AMD Hummingbird Image to Video: A Lightweight Feedback-Driven Model for Efficient Image-to-Video Generation

AMD Hummingbird Image to Video: A Lightweight Feedback-Driven Model for Efficient Image-to-Video Generation#

August 03, 2025 by Takashi Isobe, Dong zhou, He Cui, Mengmeng Ge, Dong Li, Emad Barsoum.

12 min read. | 2923 total words.

Applications & models

AI/ML

Developers, AI

In this blog, we present AMD Hummingbird-I2V, a lightweight and feedback-driven image-to-video generation model designed to deliver high-quality results efficiently on resource-constrained hardware. Image-to-video (I2V) generation has become a significant challenge in computer vision, driven by the increasing demand for automated content creation in areas such as digital media production, animation, and advertising.
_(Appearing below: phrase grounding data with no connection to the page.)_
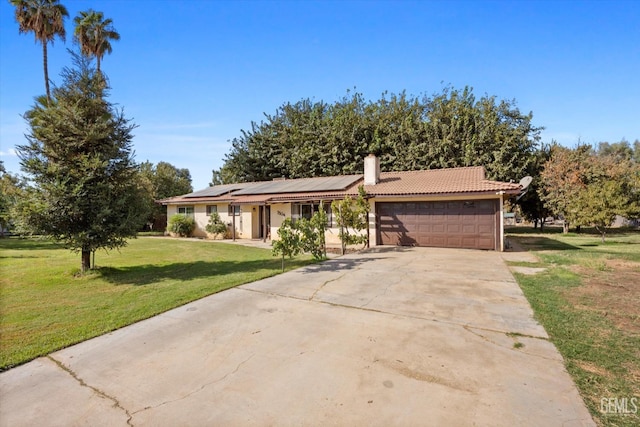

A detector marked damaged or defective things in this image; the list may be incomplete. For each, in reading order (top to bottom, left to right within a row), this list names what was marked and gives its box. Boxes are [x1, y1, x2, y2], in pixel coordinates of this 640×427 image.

driveway crack [47, 354, 134, 427]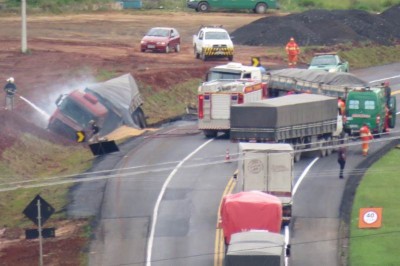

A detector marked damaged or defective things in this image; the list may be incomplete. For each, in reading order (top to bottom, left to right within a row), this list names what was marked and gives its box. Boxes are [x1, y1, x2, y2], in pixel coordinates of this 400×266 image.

overturned truck [48, 74, 145, 140]
overturned truck [231, 94, 340, 161]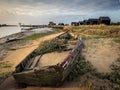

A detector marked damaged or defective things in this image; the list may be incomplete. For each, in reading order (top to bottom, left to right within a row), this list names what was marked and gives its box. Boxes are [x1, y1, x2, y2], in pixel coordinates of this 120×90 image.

While recent advancements have improved video quality, deploying I2V models in practical scenarios remains challenging due to their large model sizes and high inference costs. For example, DynamiCrafter [1] employs a 1.4B-parameter U-Net and typically requires 50 denoising steps to synthesize a single video. Step-Video [2], a DiT-based model with 30B parameters, takes approximately 30 minutes to generate one video on an AMD Instinct ™ MI250 GPU, making it impractical for latency-sensitive or resource-constrained environments, such as gaming-oriented desktop GPUs. In this work, we present AMD Hummingbird-I2V, a compact and efficient diffusion-based I2V model designed for high-quality video synthesis under limited computational budgets. Hummingbird-I2V adopts a lightweight U-Net architecture with 0.9B parameters and a novel two-stage training strategy guided by reward-based feedback, resulting in substantial improvements in inference speed, model efficiency, and visual quality. To further improve output resolution with minimal overhead, we introduce a super-resolution module at the end of the pipeline. Additionally, we leverage ReNeg [3], an AMD proposed reward-guided framework for learning negative embeddings via gradient descent, to further boost visual quality. As a result, Hummingbird-I2V can generate high-quality 4K video in just 11 seconds with 16 inference steps on an AMD Radeon™ RX 7900 XTX GPU. Quantitative results on the VBench-I2V [4] benchmark show that Hummingbird-I2V achieves state-of-the-art performance among U-Net-based diffusion models and competitive results compared to significantly larger DiT-based models. We provide a detailed analysis of the model architecture, training methodology, and benchmark performance.

Key Takeaways#

An efficient and lightweight diffusion-based I2V model optimized for high-quality video synthesis on resource-constrained devices.
A two-stage training strategy combining lightweight U-Net distillation with performance enhancement through reward-based feedback.
A reward-guided framework that learns negative embeddings via gradient descent to further improve visual fidelity.
Capable of generating 4K-resolution videos in just 11 seconds on an AMD Radeon RX 7900 XTX GPU.
Figure 1 below showcases end-to-end vertical integration, combining powerful cloud-based training with efficient edge deployment.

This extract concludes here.